[What you should do] Everything in the listing below should be repeated exactly, apart from the pictures.

[Data provided]
-=-=-

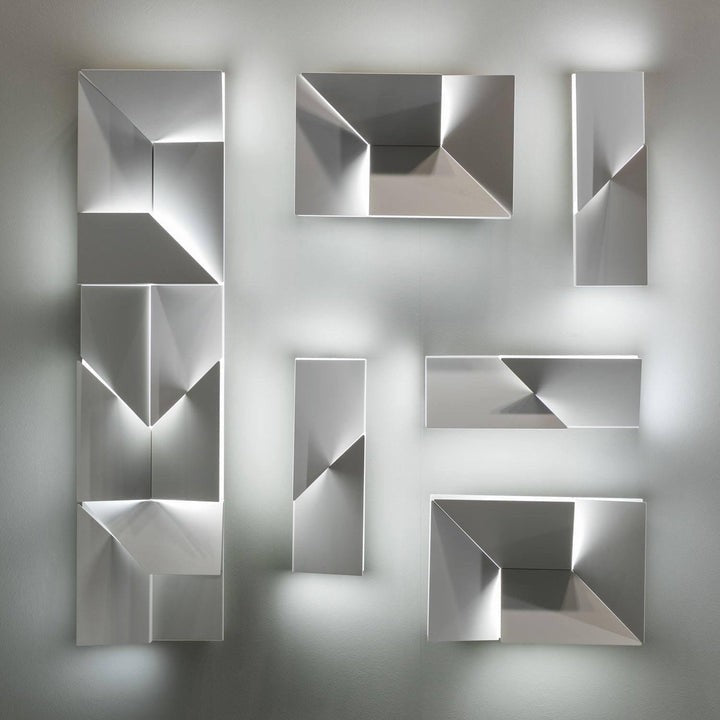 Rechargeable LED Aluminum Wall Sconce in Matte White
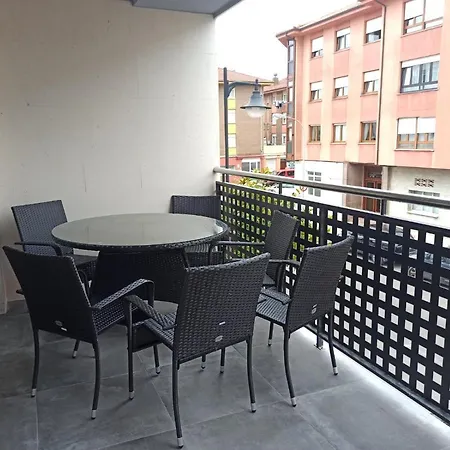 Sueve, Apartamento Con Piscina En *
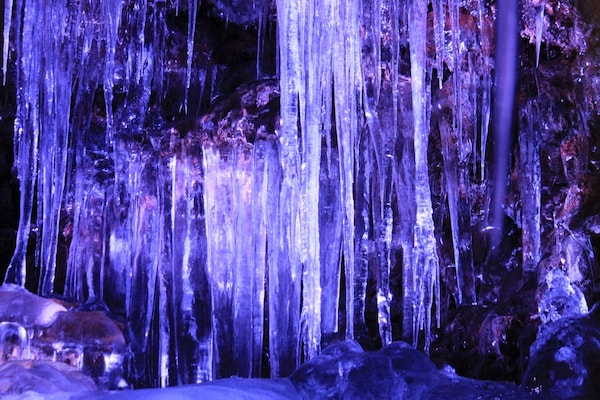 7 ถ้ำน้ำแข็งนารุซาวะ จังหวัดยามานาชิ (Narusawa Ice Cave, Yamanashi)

-=-=-

[Answer to this exercise]
 Rechargeable LED Aluminum Wall Sconce in Matte White
 Sueve, Apartamento Con Piscina En *
 7 ถ้ำน้ำแข็งนารุซาวะ จังหวัดยามานาชิ (Narusawa Ice Cave, Yamanashi)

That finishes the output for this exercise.